Riproponiamo questa allarmante news letter inviata alla nostra redazione dall’Associazione Tremembè. L’Acre, la regione più occidentale ed elevata dell’Amazzonia sita tra Perú e Bolivia, è in fiamme. La foresta amazzonica, il polmone del mondo, sta bruciando. La situazione è terribile, e non solo per gli incendi. Di fronte ad un silenzio generalizzato ed agghiacciante da parte dei più potenti mass-media, ci sentiamo particolarmente in dovere di contribuire alla divulgazione di una notizia che dovrebbe interessare e preoccupare tutta l’umanità.

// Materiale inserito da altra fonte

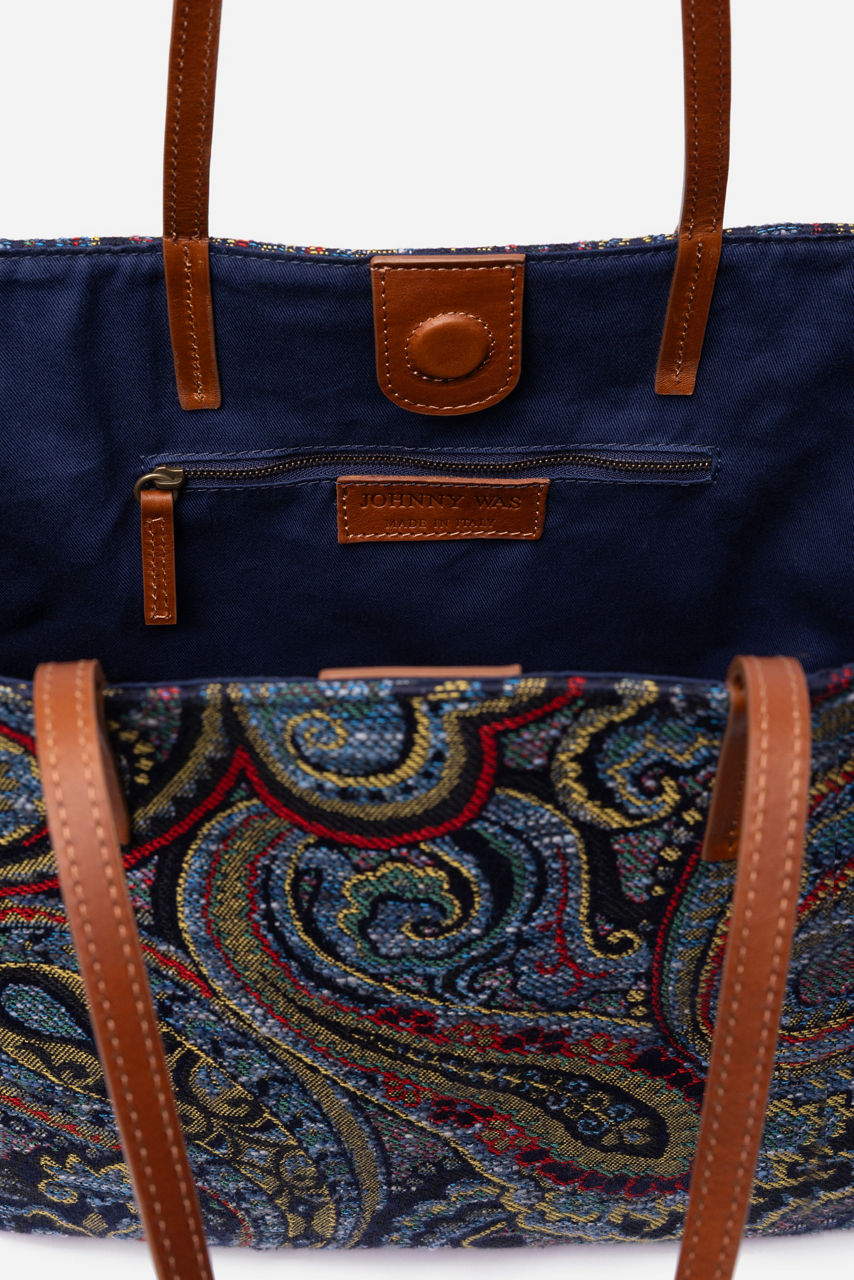PAISLEY JACQUARD SHOPPER TOTE, , large image 5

“Da lunedì qui in Acre, gli occhi ardono, i bambini svengono e le scuole chiudono. L’Amazzonia è in fiamme”. Padre Massimo vive a Rio Branco, capitale dello stato amazzonico dell’Acre, da più di 25 anni ed è ormai abituato ad assistere a incendi improvvisi che pian piano si mangiano, ettaro dopo ettaro, il polmone verde dell’intero pianeta. Sin da subito, ha assistito alla fuga di intere famiglie,scacciate dalle fiamme che i grandi proprietari appiccano per crearsi spazi adatti al pascolo, all’allevamento di vacche. Ed è proprio in mezzo a quella gente spaventata e senza più un passato che il missionario lucchese ha creato il suo centro parrocchiale. Da allora lavora ogni giorno per loro, con loro. E a salvaguardia della foresta. Ma oggi il suo grido si fa ancora più forte.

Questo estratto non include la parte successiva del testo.